As I reflect upon what my mother has meant to our family, I cannot help but see the abundant care of many other mothers with their families as well. I can see the face of an 84 year old friend who adopted two children. His son married and had two children; his daughter who was born in Columbia did not marry, but she just adopted a child born in the Bronx. He is so proud. Each week he shows me a picture of his new grandson who grows a fraction of an inch each week, but he is so proud. At church I see many grandparents with their grandchildren.

Grief is mysterious and there is no set plan for how one mourns. I have a great deal of compassion for those who have recently lost their mothers and I can recognize their sadness, and yet I have the feeling that everything is O.K. and much will still unfold in due time. I trust the process.

Whatever the question is, I know the answer is to love as fully as we can.
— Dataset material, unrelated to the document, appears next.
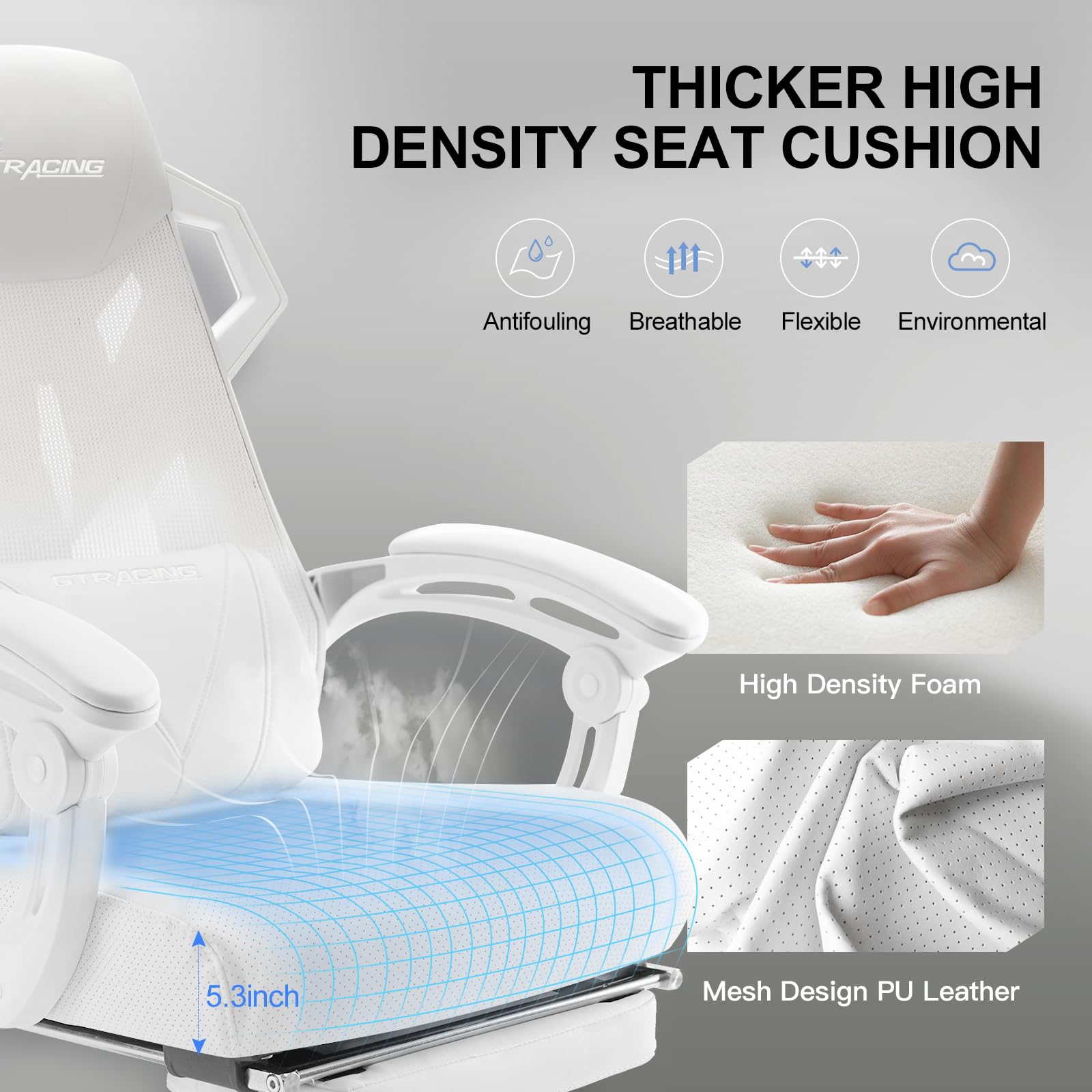 Gaming Chair with Mesh Back and Footrest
To give mercy, to give compassion, to hold someone's hand in their time of need in order to show them God's love through us is quite a blessing. We are all pilgrims on a journey. Our birth is one of love, our death is one of love. We need an increase of love, a love that reconciles, a love that heals, a love that gives freedom. I'm sure this is the gift our mothers want for us. May our celebrations today make each one of us grateful for those who are in our lives.